In 2021, the National Police Federation, the RCMP’s union, reached a historic deal with the Treasury Board of Canada — one that granted raises to almost 20,000 members of the force across the country retroactively dated back to 2017. Last year’s dollar amount for retroactive pay was not available prior to publication.
Athabasca County receives RCMP services through the province’s Police Services Agreement (PSA) and the discussion report submitted by director of corporate services Nicole Cherniwchan states Rural Municipalities of Alberta has noted any retroactive costs would be covered by the provincial government in accordance with the contract.
According to the RCMP’s website, eight provinces, three territories, and around 150 municipalities across the country have PSA’s with the Mounties. Provinces and territories with contracts pay 70 per cent of RCMP costs, with the other 30 covered by the federal government. Municipalities with direct contracts and populations under 15,000 — Athabasca County had under 7,000 residents in 2021 — pay the same amount as provinces, 70 per cent.
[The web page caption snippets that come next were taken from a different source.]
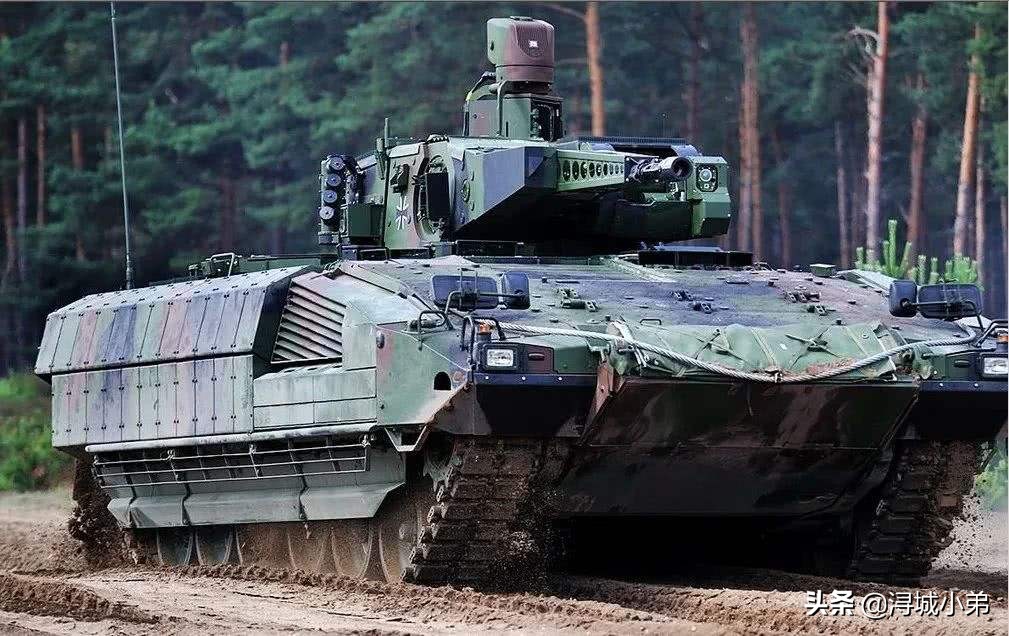 中俄美英德履带式步战车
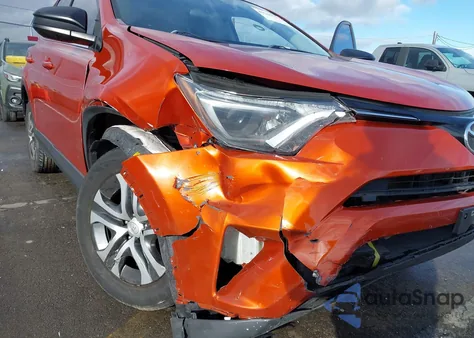 2016 Toyota Rav4 Le z USA, uszkodzony, nr VIN JTMZFREV5GJ073321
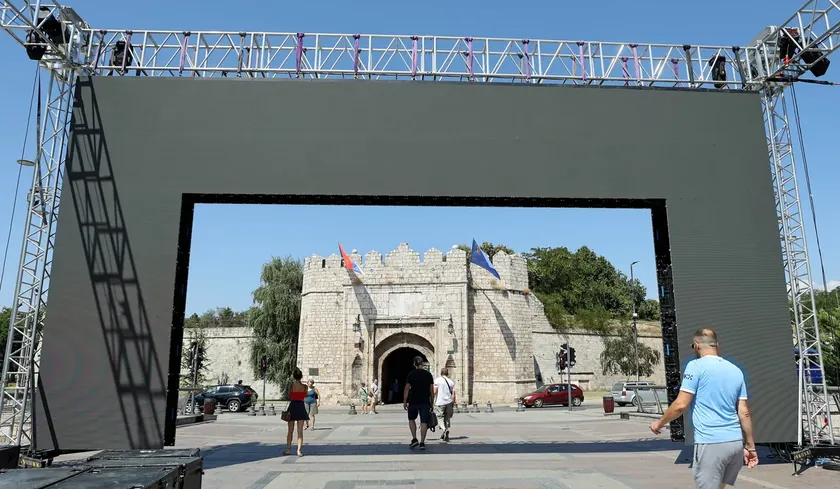 Sırbistan'da düzenlenen uluslararası film festivali, başlamadan önce tartışma konusu oldu.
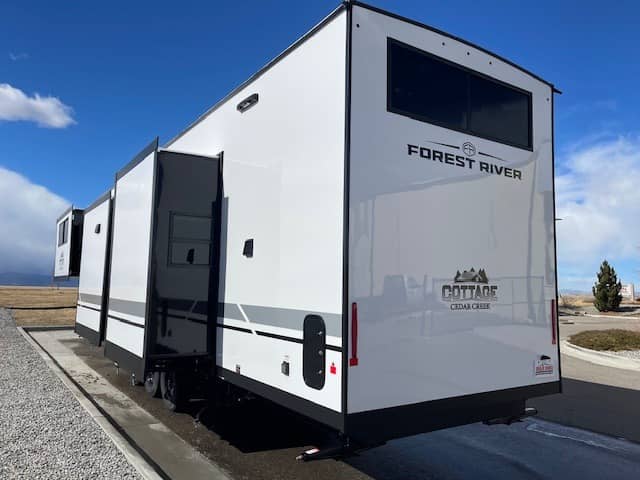 2026 Forest River 2026 Forest River Cedar Creek Cottage - thumbnail 4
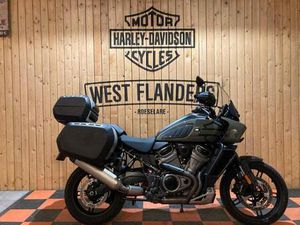 ② HARLEY-DAVIDSON PAN AMERICA 1250 SPECIAL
Although the county’s contract is through the province, Cherniwchan’s report advised erring on the side of caution and budgeting a contingency of $80,000 to cover the 20 per cent salary increase if the county is responsible for the bill.
“Could we also consider not putting a figure in (the budget)?” asked Hall. “This is a number we don’t know, it’s a number we’ve had no input on, and I’d be perfectly happy to do a special assessment after the fact.”
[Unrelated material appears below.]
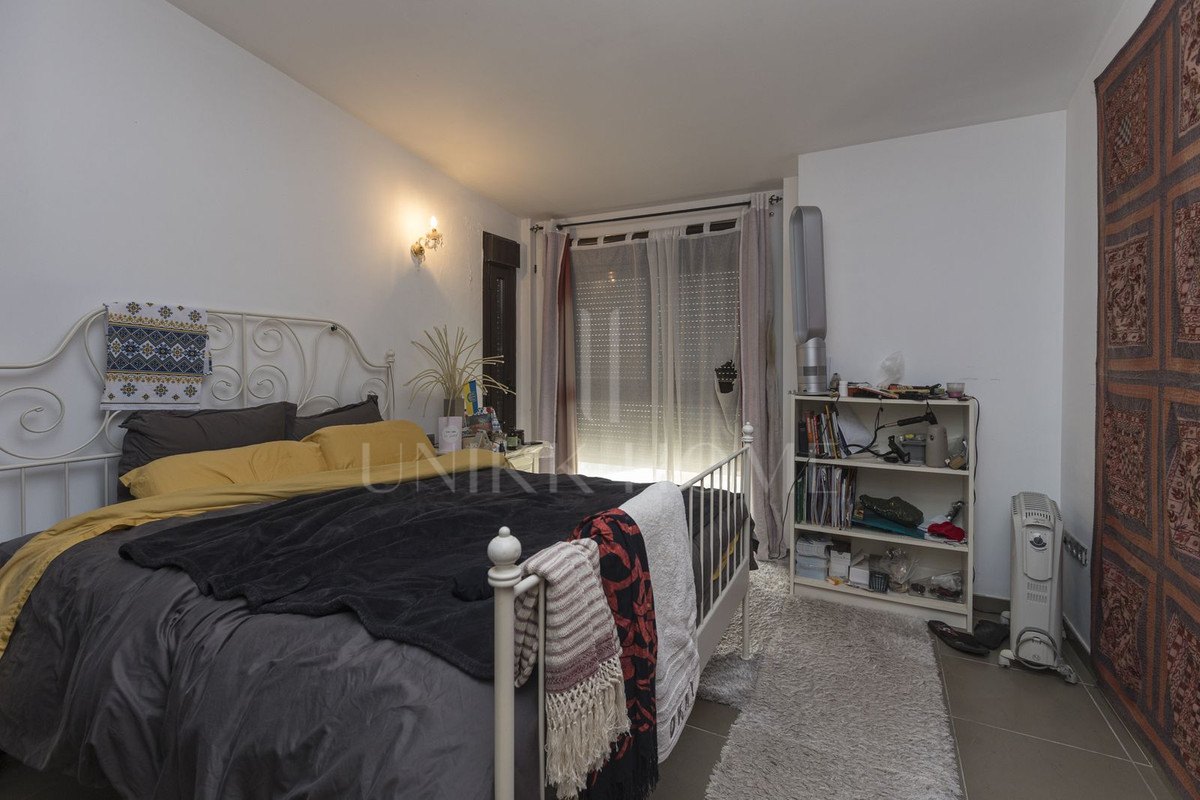 Villa for sale in Valle Romano, Estepona West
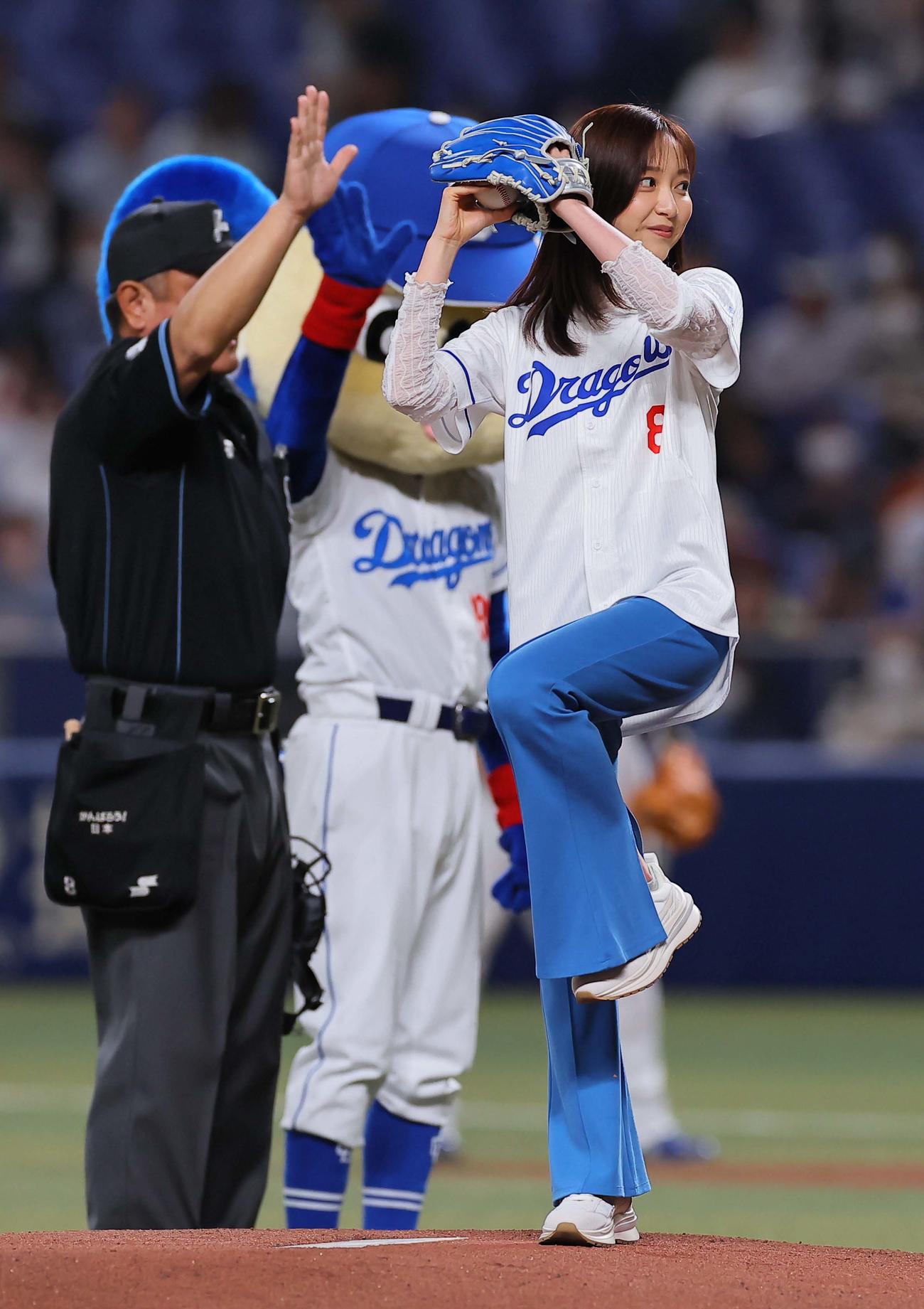 中日対阪神　始球式を務める佐久間みなみアナウンサー（撮影・上田博志）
Hall suggested the county send out “a second tax notice in the year, specifically for this one single item, so our ratepayers will know exactly what kind of garbage the federal government is dumping on them.”
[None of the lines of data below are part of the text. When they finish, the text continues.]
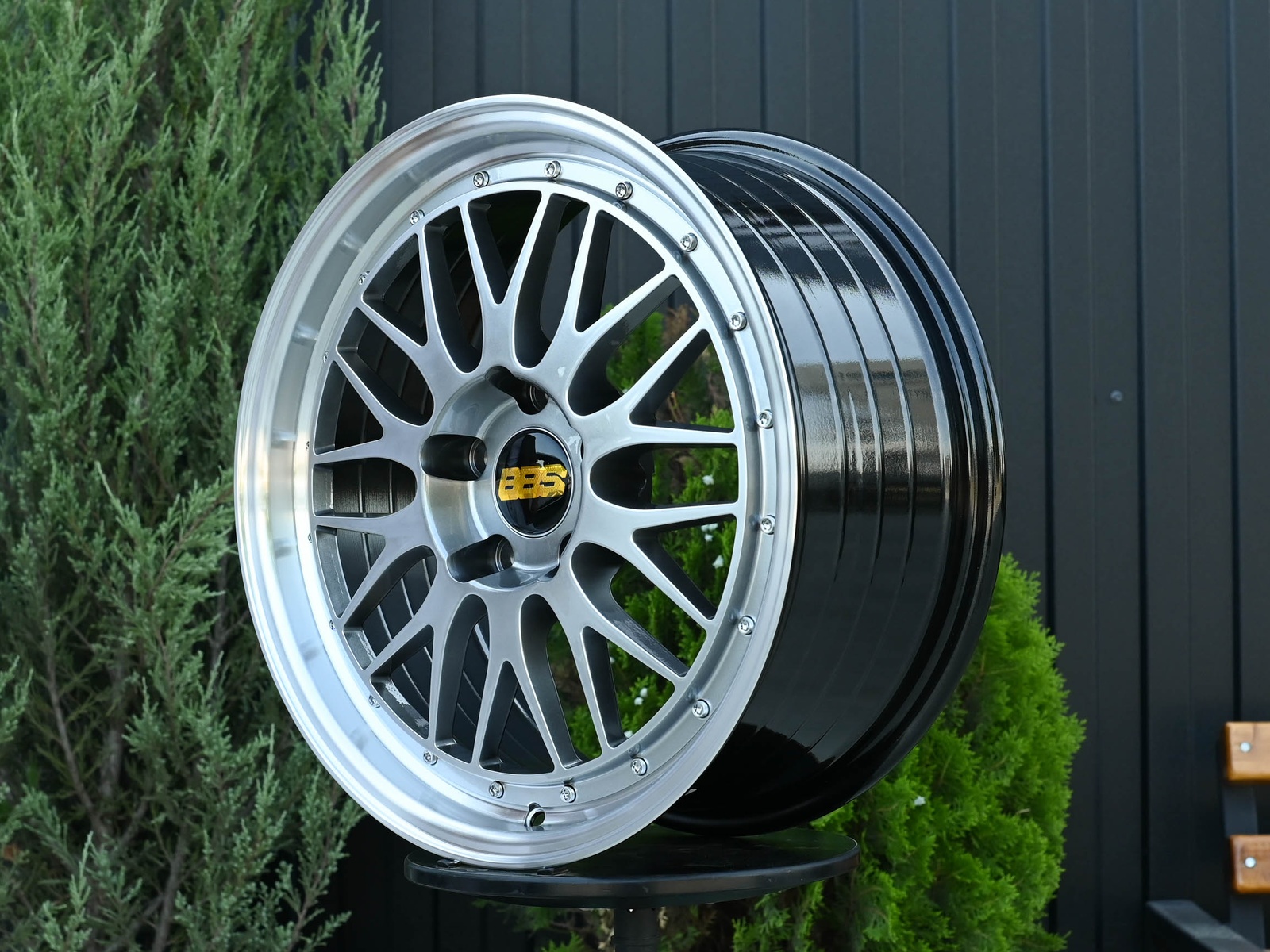 R17 BBS LM Стиль 7.5J ET38 5*100 Темный хром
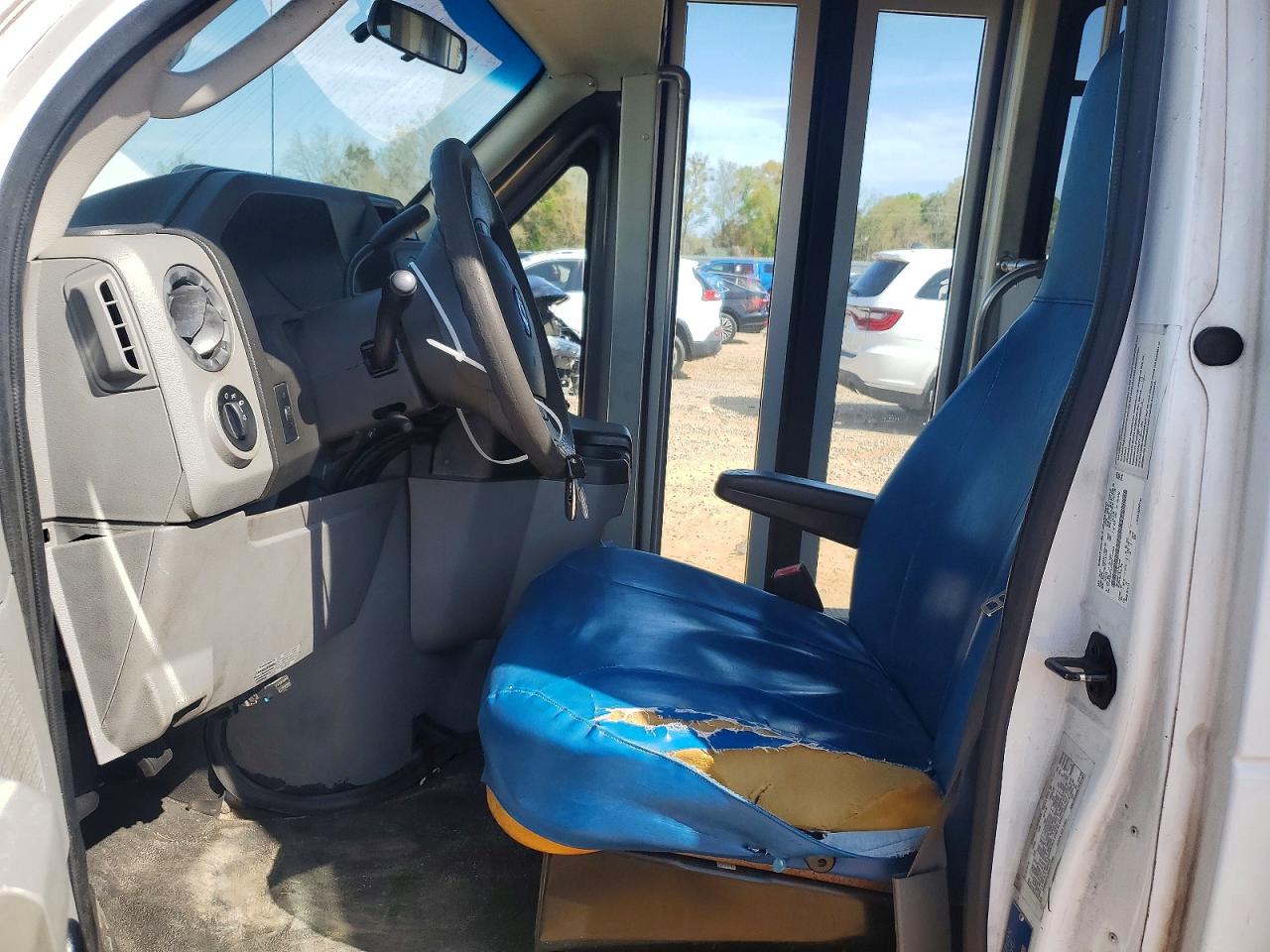 2016 Ford Econoline VIN 1FDEE3FL3GDC17065 photo 7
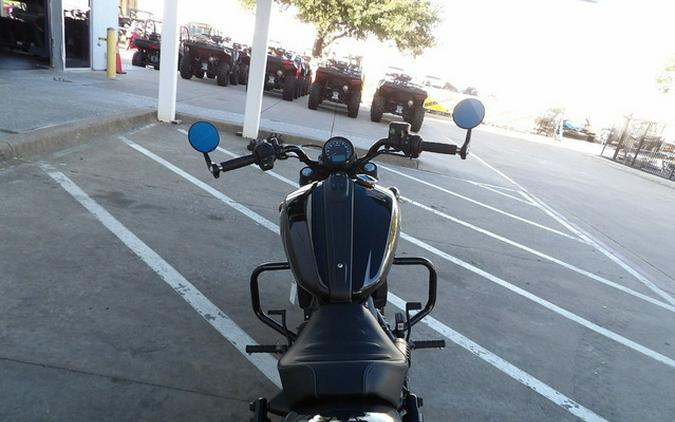 2025 Indian Scout Bobber Black Metallic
Further councillor discussion circled around the dollar amount allocated to the suggested contingency. “I don’t agree with charging a ‘guestimate,’ for that specific line item, it’s something we would be invoiced for, and that cost would then be passed onto our ratepayers,” said Anderson.
“It just doesn’t sit right to put something in and either raise taxes to cover that amount or send out a second notice until we have the exact amount we actually need. We don’t want to come up short and we also don’t want to overcharge,” she added.
“Budgets are just that, they’re estimates in quite a few areas,” said Holland. “If we are going to arbitrarily leave it off because we're not positive — we’re not positive on what any of these charges are going to be, they’re a budget. We need to show that we’re prepared for it, we’re aware of it, we know what’s happening.”
Holland proffered a suggestion of a letter from administration listing council’s concerns around the “unfairness” of the retroactive costs, while Hall suggested planning an adequate reserve contribution to cover the potential expense.
“We obviously have to plan to pay this bill if it comes our way,” said Hall. “As long as our budgeting process isn’t to spend every last dollar, which it hasn’t been, leave it in reserves.”